Thomas Spencer Sharpe had many nicknames. One was Big Foot. Spencer known as the first white man in Middle Tennessee. He came to Tennessee around 1776 from Virginia and was a Long-Hunter. Spencer had a traveling partner that went by the name of Holiday. Together they built a station at Bledsoe’s Lick near today’s Bledsoe State Park). Holiday returned to Virginia in the fall of that year. Spencer spent the winter of 1776 in a hollow Sycamore tree near what is today Castalian Springs, TN. The present site of the Castalian Post Office. Spencer scouted land from Bledsoe Lick to the Red River (Clarksville, TN).
According to the early settlers, Spencer was large and strong man. t has been said that he weighed around 400 pounds. The tales of his brute strength is legendary, once when he and another hunter were hunting near the duck river and looking for a place to cook a deer they had killed, they were attacked by Indians. Spencer’s hunting partner was killed, and Spencer grabbed the rifles and the body of his friend and rushed into a cane thicket. The cane thicket was very thick, and the Indians were afraid to follow him. Another tale is that Spencer picked up a man and set threw him over an 8-foot-high fence, then the man asked if Spencer would set his horse over also.

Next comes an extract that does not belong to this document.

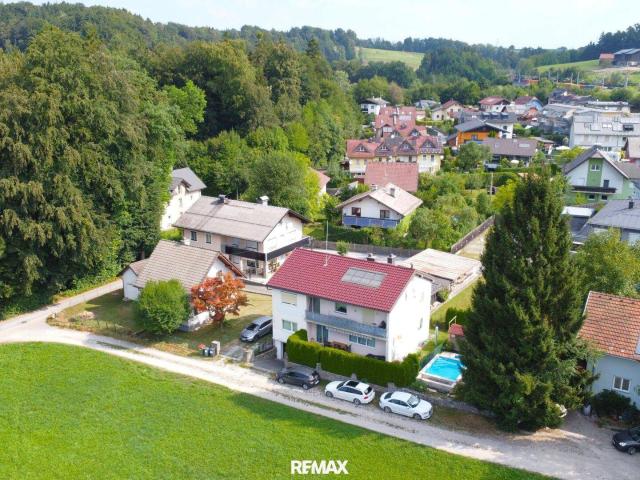Apartment kaufen in Zilling, Hallwang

Spencer loved to hunt, He often would supply the settlers moving into the area with fresh meat from hunting the abundant wild game in the area and would help them fight off Indians too. After several years Spencer returned to his home- land of Virginia to settle family business. On his way back to Middle Tennessee, he was riding out front of his group near the Caney Fork River when he was ambushed by Indians and Spencer was killed. His date of death was said to be around April of 1794. The town of Spencer, TN, in Van Buren County Tennessee is named after him.